◆ Aim of the exercise
Please give back, exactly as written, the lines from the line with "Collins | Mock" to the line with "Fused Glass: 5x5 Wild Strawberries" in the listing below, leaving out all pictures.

◆ Material provided
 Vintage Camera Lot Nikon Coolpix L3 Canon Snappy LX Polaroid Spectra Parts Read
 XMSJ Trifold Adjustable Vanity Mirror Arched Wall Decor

==

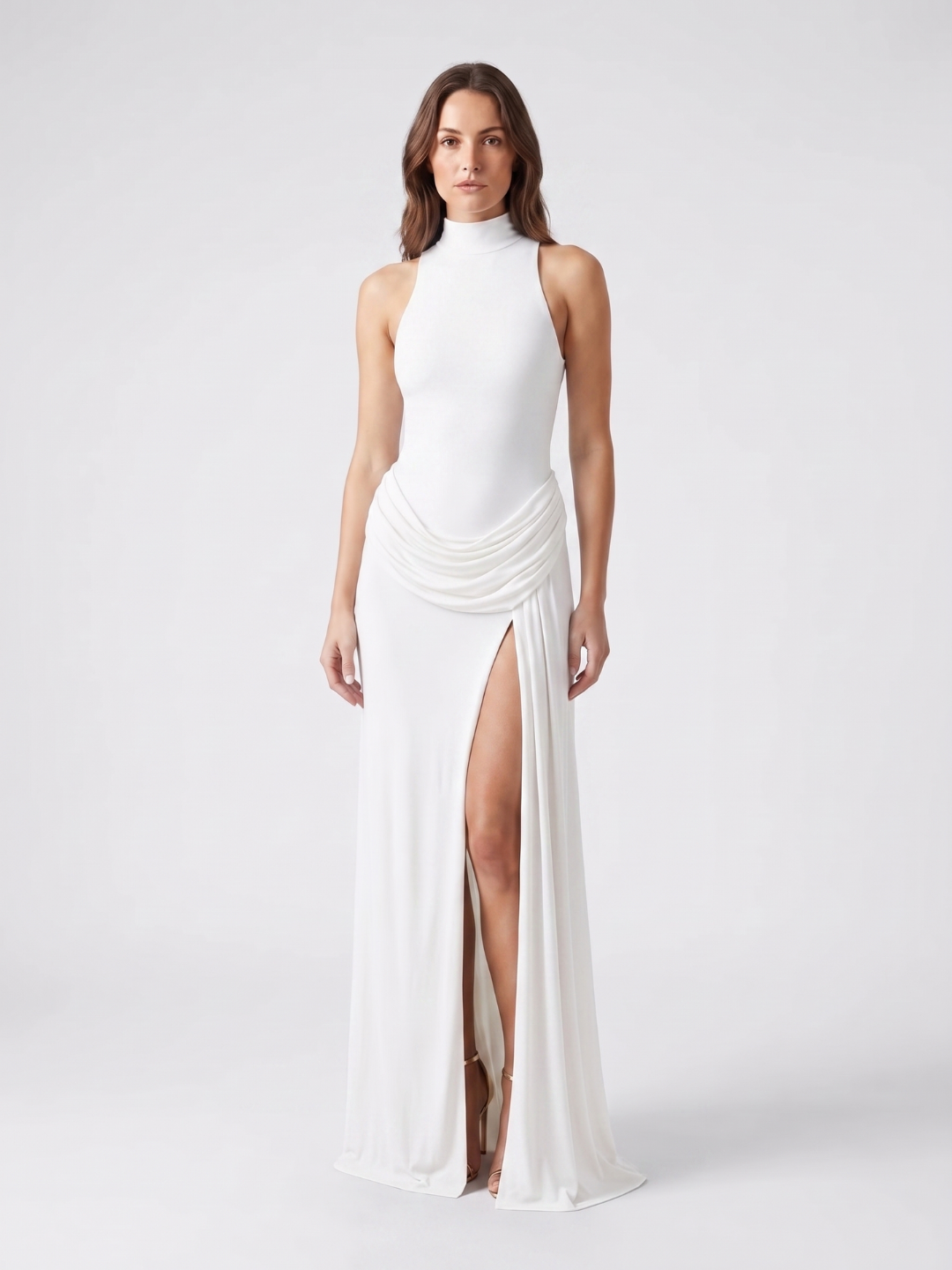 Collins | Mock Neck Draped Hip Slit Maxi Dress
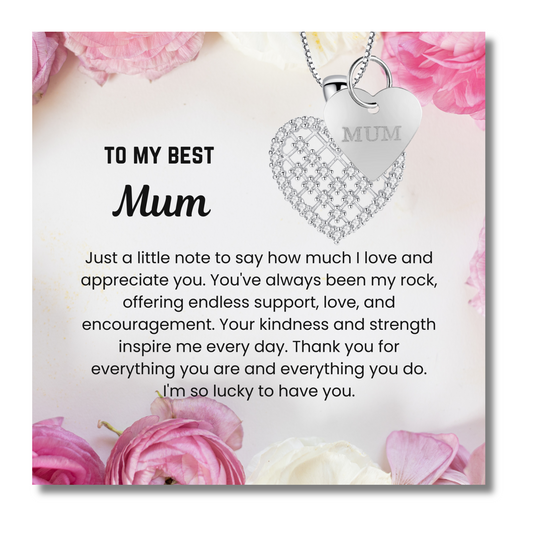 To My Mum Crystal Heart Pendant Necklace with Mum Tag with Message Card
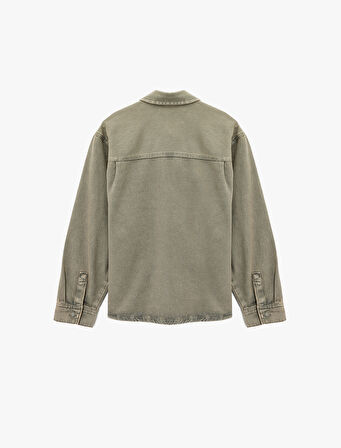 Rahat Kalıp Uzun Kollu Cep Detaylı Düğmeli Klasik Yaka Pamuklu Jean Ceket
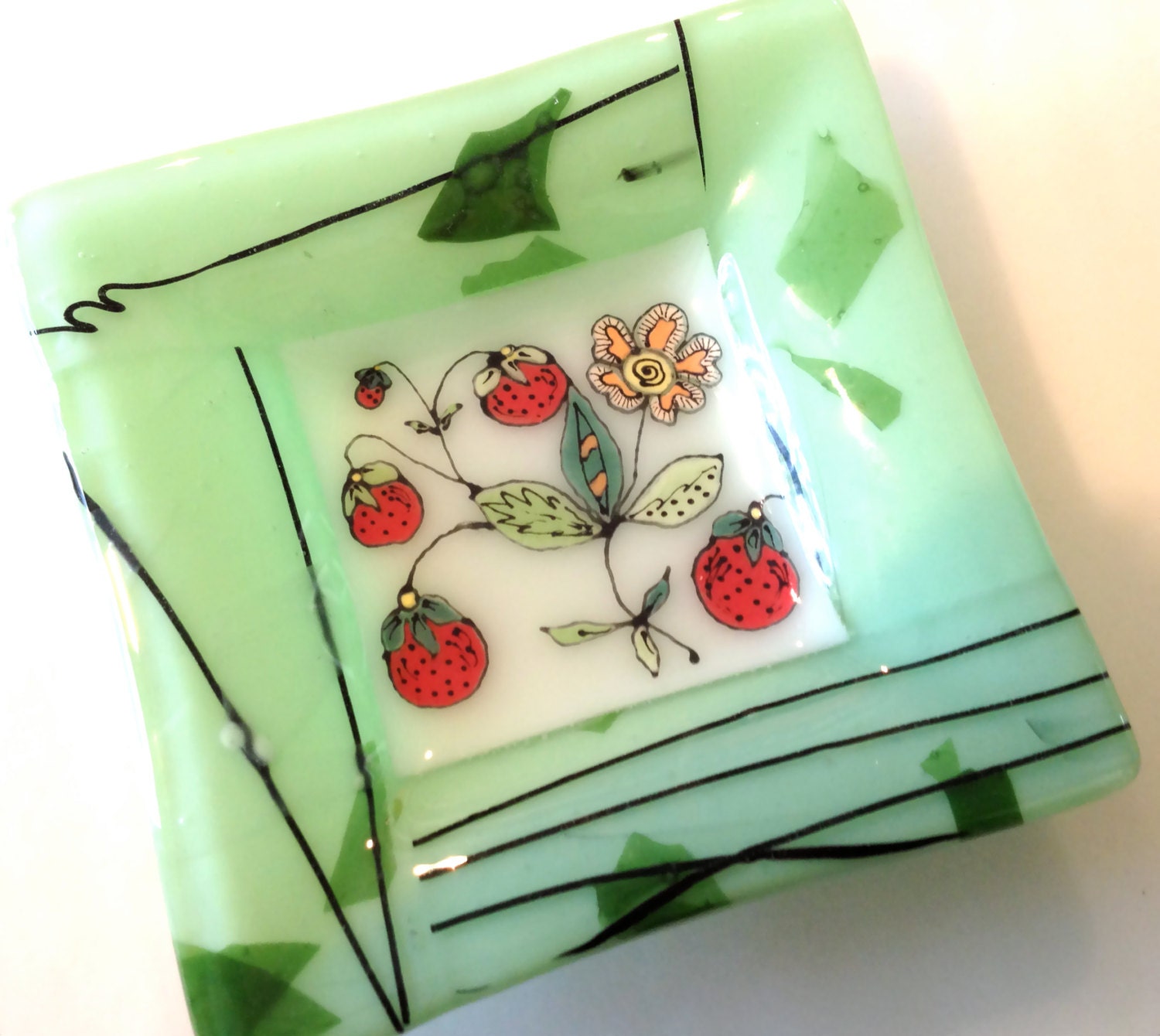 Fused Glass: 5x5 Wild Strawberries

◆ Reply to the exercise
 Collins | Mock Neck Draped Hip Slit Maxi Dress
 To My Mum Crystal Heart Pendant Necklace with Mum Tag with Message Card
 Rahat Kalıp Uzun Kollu Cep Detaylı Düğmeli Klasik Yaka Pamuklu Jean Ceket
 Fused Glass: 5x5 Wild Strawberries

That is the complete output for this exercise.